There is also the problem with placement. I have written here more than once that our yard has extreme geographic limitations, being built on a cross-slope hill. As you can see from the photo above, the pear tree was planted right in the center of the ONLY level area of our yard (being next to the driveway). The tree distracts from our being able to USE that level space. Can't play frisbee; throw a lacrosse ball; or pitch a tent for a party. Because of the tree.
But, still. We liked the tree. We enjoyed the company of the tree. We took a deep breath before getting out of the car when the tree was in bloom, and we threw the frisbee in the street.
Then, in July, there was a huge storm that came through our area, knocking down several trees in our neighborhood. (Even sending several crashing through roofs.) We breathed a sigh of relief when we got home that day -- because all of our trees were still standing.
About a week later, though, I came back from the gym to find a huge branch from the pear tree blocking the driveway. No storm. No apparent reason. Must have been delayed storm damage.
(Unforunate street view.) Tom (excitedly) made quick work of the big branch with his trusty chainsaw, and all was well. Although, as a Master Gardener, I knew this
was gonna be trouble! Trees don't suffer damage like this -- and recover. I knew it was Only a Matter of Time for the Bradford Pear.

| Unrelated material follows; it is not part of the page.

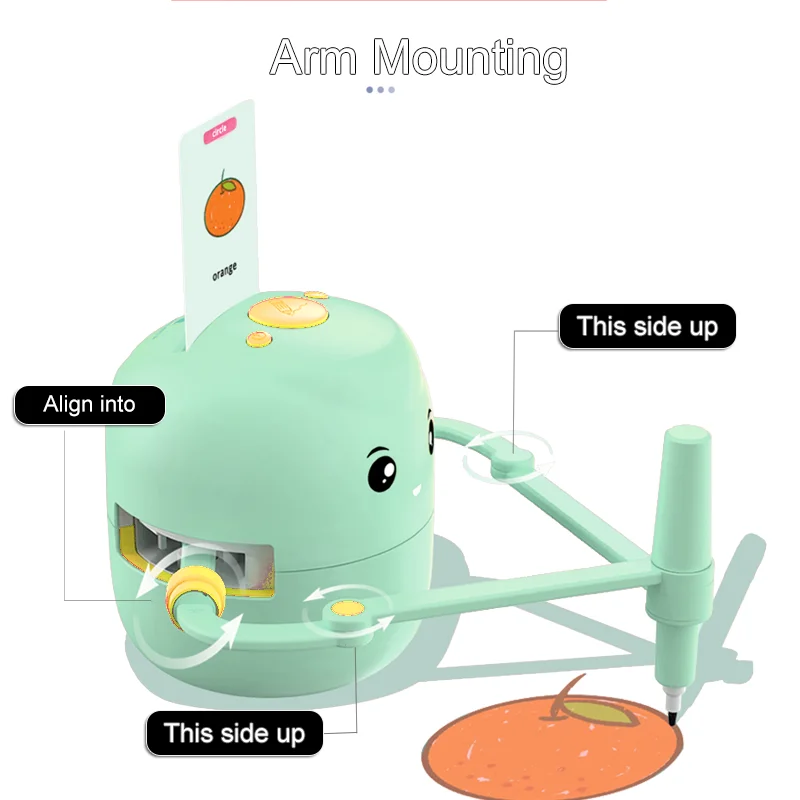 DrawBot - Kids' Smart Drawing Toy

What we didn't realize right away, though, was that the tree was suffereing from another serious problem. Yep, once a huge portion of the tree was gone, the balance shifted. . . and exacerbated a pre-existing split in the trunk.
You're not supposed to be able to see . . . grass. . . through the trunk of your tree. It was clear that our Bradford Pear. . . was going to have to go!
Fortunately, there wasn't any danger of the tree hitting our house. Or anyone else's house, either. But you probably wouldn't want to park your car in our driveway!
We thought about waiting . . . to just see what would happen next. But I know that one bad winter storm or one ice storm would do this tree in. And, really, who wants to deal with a tree coming down in the winter! (Somehow I'm sure that would be worse than dealing with the leaves.)
So we called in the cavalry.
They made quick work of the the Bradford Pear.
It made my heart ache a little, to see a big tree like that come down. But you can see from the stump that it was not a healthy tree.
So, goodbye Bradford pear! No more messy fruit. No more smelly blossoms. But don't be thinking we'll have a place to play frisbee. . . because this gardener is already plotting and planning what to do with that new, level, EMPTY spot of lawn!
** But NOT the Bradford pear! There are some lovely trees that are not recommended for home landscapes. The Bradford pear is one of those trees. While they do have a lovely shape and are fast-growing, there are numerous problems (as we've experienced) with them. Not all trees are created equal in the home landscape!